■ Exercise prompt
Copy out each line of the material exactly. Pictures do not belong in the copy.

(Beginning of Data segment)

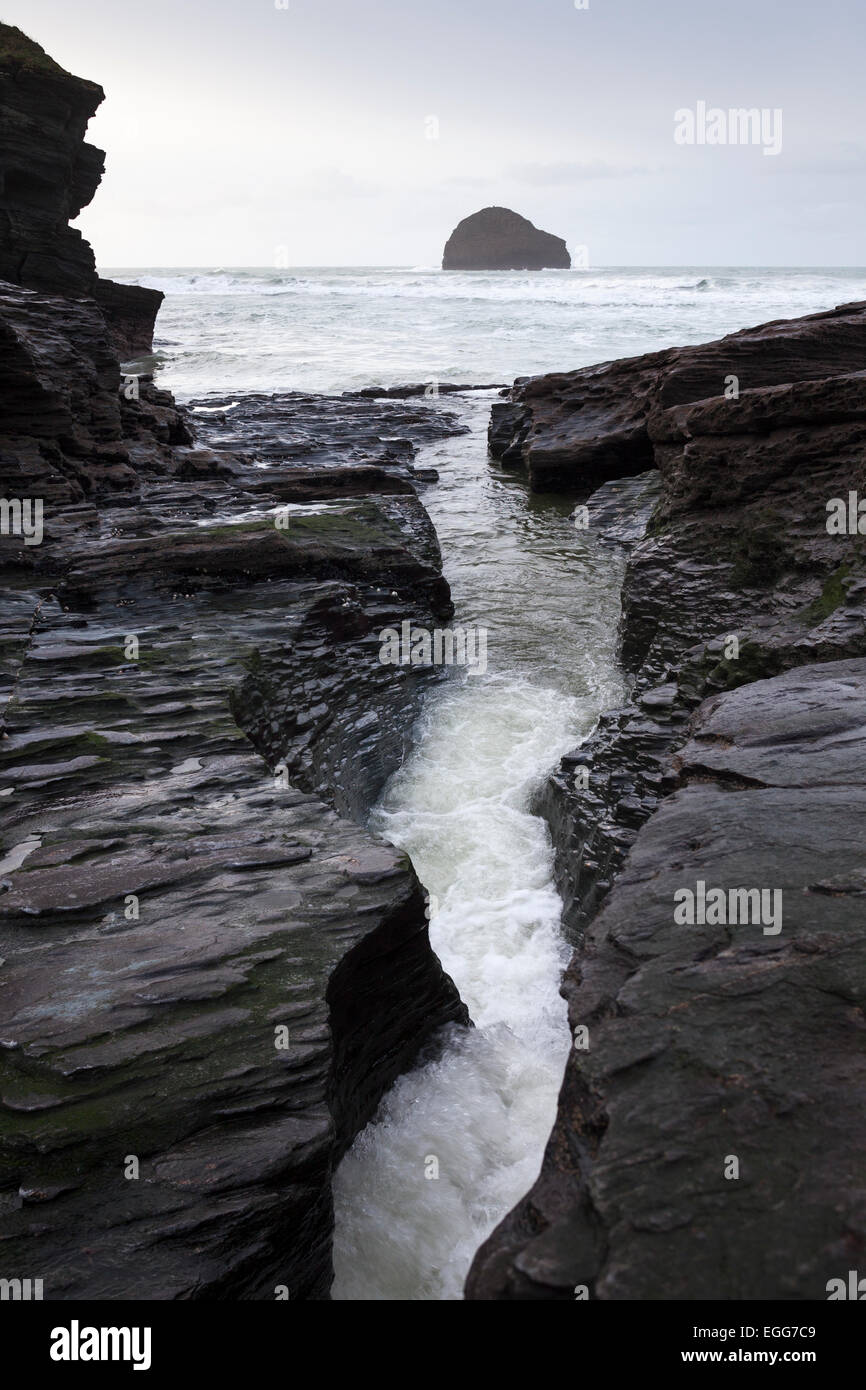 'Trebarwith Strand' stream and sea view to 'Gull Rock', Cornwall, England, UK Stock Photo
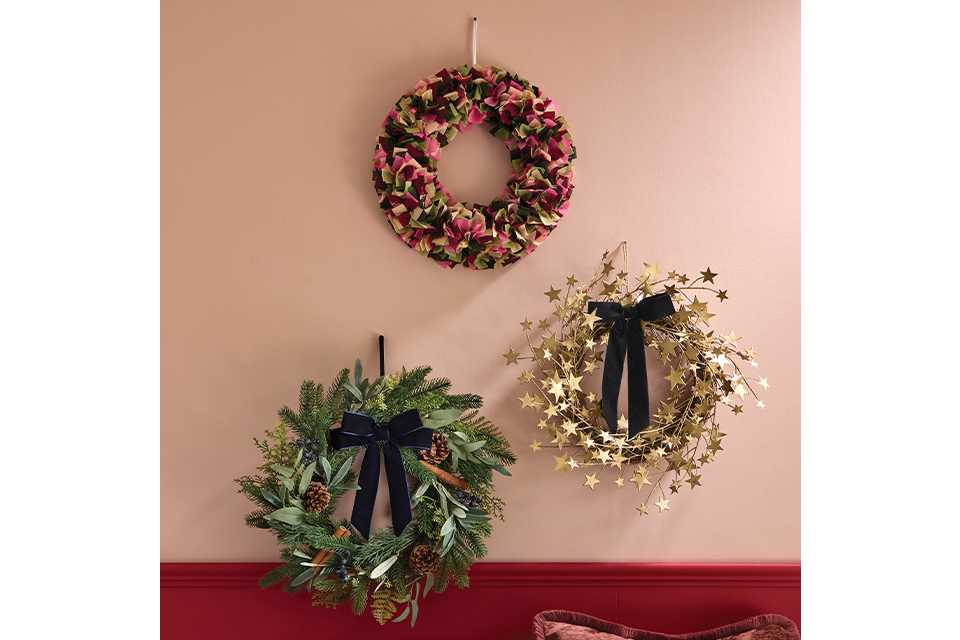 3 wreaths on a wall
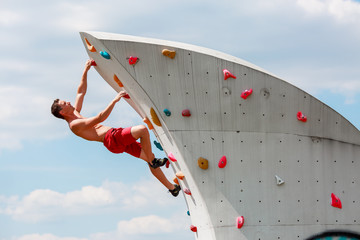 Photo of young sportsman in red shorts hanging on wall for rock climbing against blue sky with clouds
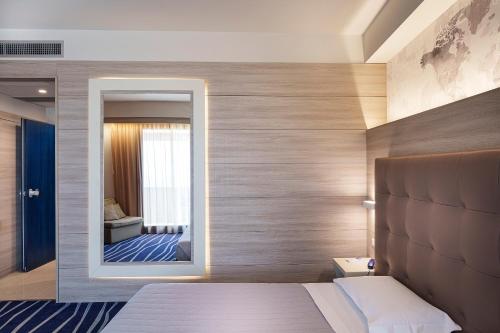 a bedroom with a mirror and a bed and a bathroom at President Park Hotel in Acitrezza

(End of Data segment)

■ Answer to the exercise
 'Trebarwith Strand' stream and sea view to 'Gull Rock', Cornwall, England, UK Stock Photo
 3 wreaths on a wall
 Photo of young sportsman in red shorts hanging on wall for rock climbing against blue sky with clouds
 a bedroom with a mirror and a bed and a bathroom at President Park Hotel in Acitrezza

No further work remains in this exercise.